▶ [REQUIRED ACTION] Your answer should be only the lines below from the one with "Le Barrage de" to the one with "Acht Minuten Unterbrechung!", repeated exactly, ends included.

▶ [LISTED RECORDS]

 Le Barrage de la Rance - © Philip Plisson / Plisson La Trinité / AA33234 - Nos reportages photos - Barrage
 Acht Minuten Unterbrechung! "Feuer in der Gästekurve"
* * *
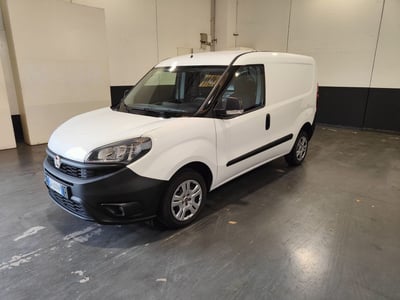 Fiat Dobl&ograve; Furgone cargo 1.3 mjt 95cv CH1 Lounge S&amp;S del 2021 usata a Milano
* * *
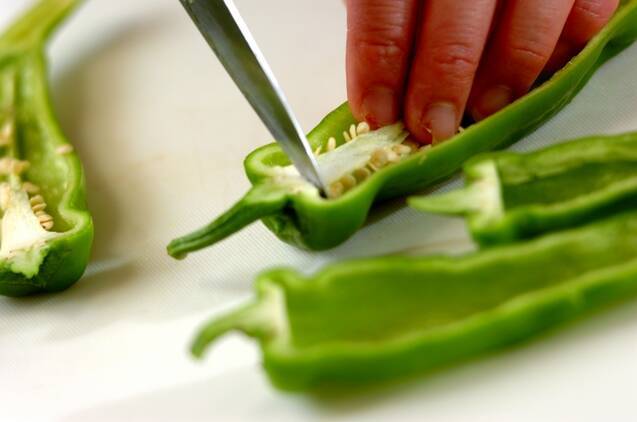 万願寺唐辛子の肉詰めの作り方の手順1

▶ [RESPONSE]
 Le Barrage de la Rance - © Philip Plisson / Plisson La Trinité / AA33234 - Nos reportages photos - Barrage
 Acht Minuten Unterbrechung! "Feuer in der Gästekurve"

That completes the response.